I went back to the office door and tapped on it, and someone finally came out. I said, "Maybe we're just dumb, but we're the Clines and we were told that we had the room above the office, but we can't find it." He laughed and said he hadn't gone up to open it yet, and it was the room at the top of the stairs. Actually, there were two rooms, and the locked door was the outer door. He gave us our room key, then led us up the stairs, where he unlocked the outer door. (This will become important later.)


Once in the room, I got into bed, and Bob called a doctor friend of his for advice. His friend is a gastroenterologist , and he said it sounded like gallbladder. He told Bob to give me clear liquids and saltines, so he went out and got Jello, 7-Up, and oyster crackers. I ate a little of the Jello and a little 7-Up, but by then I was so nauseated that I couldn't keep anything down. Without going into detail, that was basically the entire evening and throughout the night until about 2:00 a.m.

On Friday morning I woke up without any pain, but still didn't feel quite right. We went to the restaurant at the park and I had toast and tea for breakfast, then told Bob I thought I'd like to go back to the room for awhile.
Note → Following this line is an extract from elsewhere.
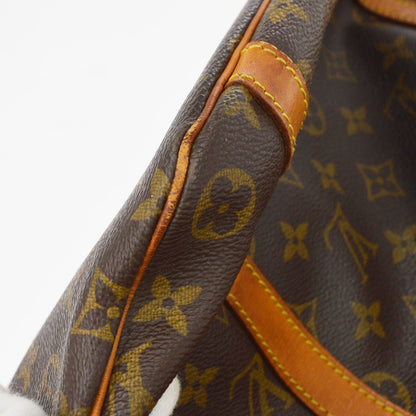 Louis Vuitton Shopping Sac Monogram Canvas, Brown, Canvas, Handbag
He went out and fished a little more and I slept -- I think I just needed some more sleep. By evening I felt pretty much okay, so we went in to town and had dinner (Shoney's seafood buffet), then he went fishing and I sat on the bank and read.





This weekend was a special weekend where you didn't have to have a trout tag or even a fishing license to fish in the park, so we knew it was going to be crowded, and it was. Bob fished for awhile in the morning, then came back and got me and we had breakfast at the lodge, then we went back to the room and took a long nap! It had been a rough couple of days for both of us, me throwing up, and Bob having to sit by, helpless to do anything about it.
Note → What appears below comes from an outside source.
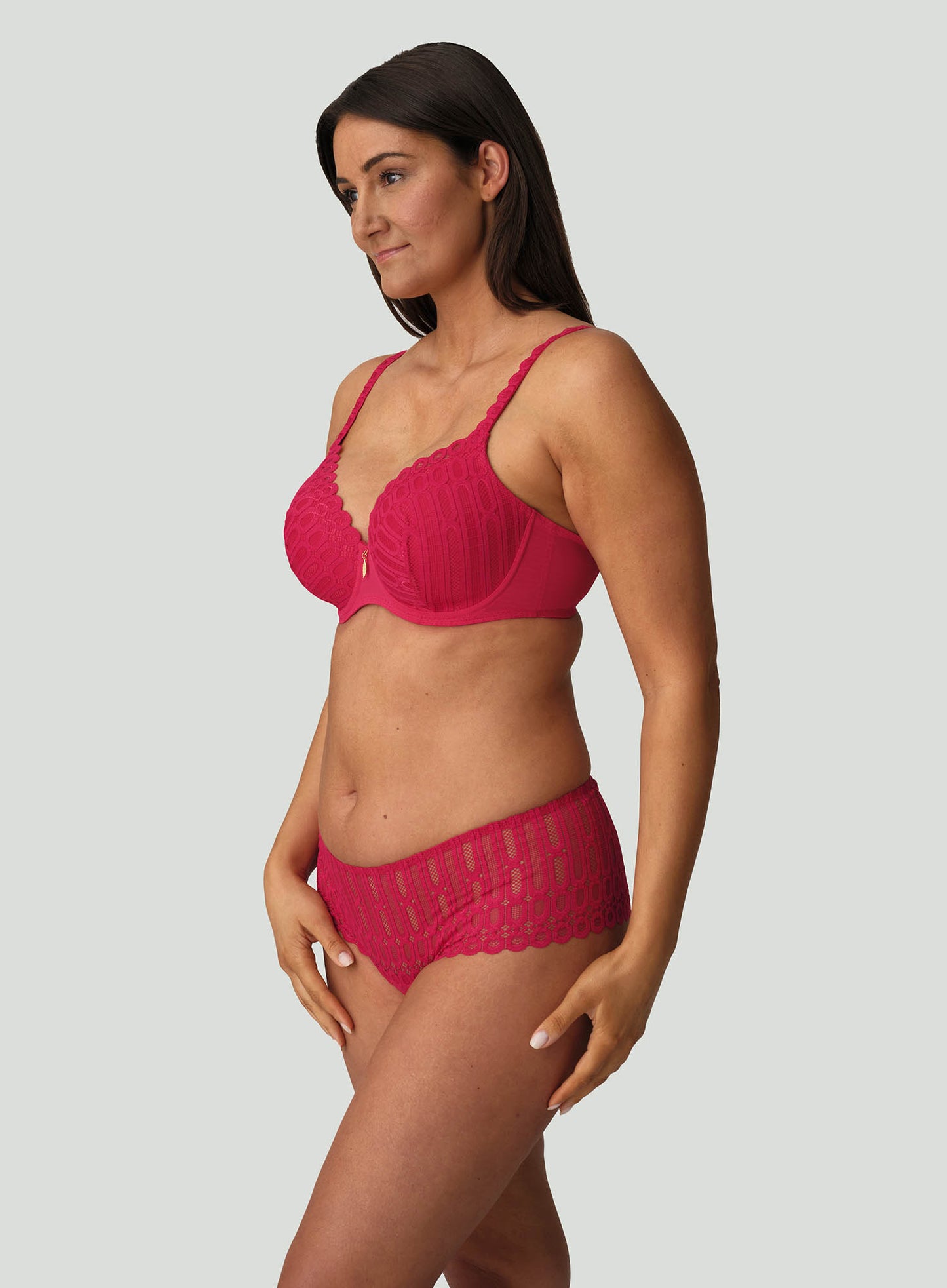 PrimaDonna Twist: Los Ayala Padded Heartshape Bra Sangria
We went out for dinner that evening to another buffet, Golden Corral, I think, or something like that, then he fished in the river and I sat on a bench and read. I got a lot of reading done this weekend, which was my goal.




On Saturday night, late, Bob went out to the car for something. The night before he'd done the same thing, and when he came back I said he'd been gone a long time, but he said it had only been fifteen minutes, so I didn't really pay attention. I looked up from my book, thought, hm, it's been awhile, but thought maybe he'd gotten on the phone with a friend or something.
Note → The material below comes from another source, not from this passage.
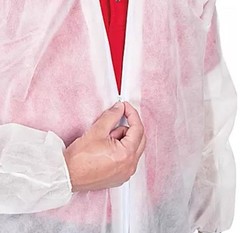 Box Of 25 Kleenguard Protective Clothing Coveralls White Hooded Booted 2XL A40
A little while later I looked up again, and thought, wow, it's really been awhile! Sometimes he talks a long time on the cell phone, but I looked over at the table where he'd put his wallet and things, and the phone was there. He could have been re-rigging his fishing equipment, which was what he was doing the other night, but I didn't think he planned on fishing Sunday morning since we were starting back. All of a sudden I got really worried. What if something had happened to him?

I jumped up, pulled on some shorts, grabbed my cell phone (in case I had to call 911 or locked myself out, since he had the room key), and rushed out, to find him standing in the open door of his van waiting for me. "Thank you," he said. "I knew you'd come looking for me eventually." He had left his phone inside, and he had locked the outer door, thinking the room key would unlock it, but it did not. He didn't want to knock in case he woke someone up. He said he'd tried the room key in the outer door lock, and it fit, but he hadn't actually locked or unlocked the door with it. He had his car keys, but no wallet. He said he scrounged around and found fifty cents, but he would have had to find a payphone, and then, I would have probably come out and found the van gone, which would have worried me, too.

He said he had thought about lying down in the parking lot and pretending to have had a heart attack or something, but that probably would have given me one, so I'm glad he didn't.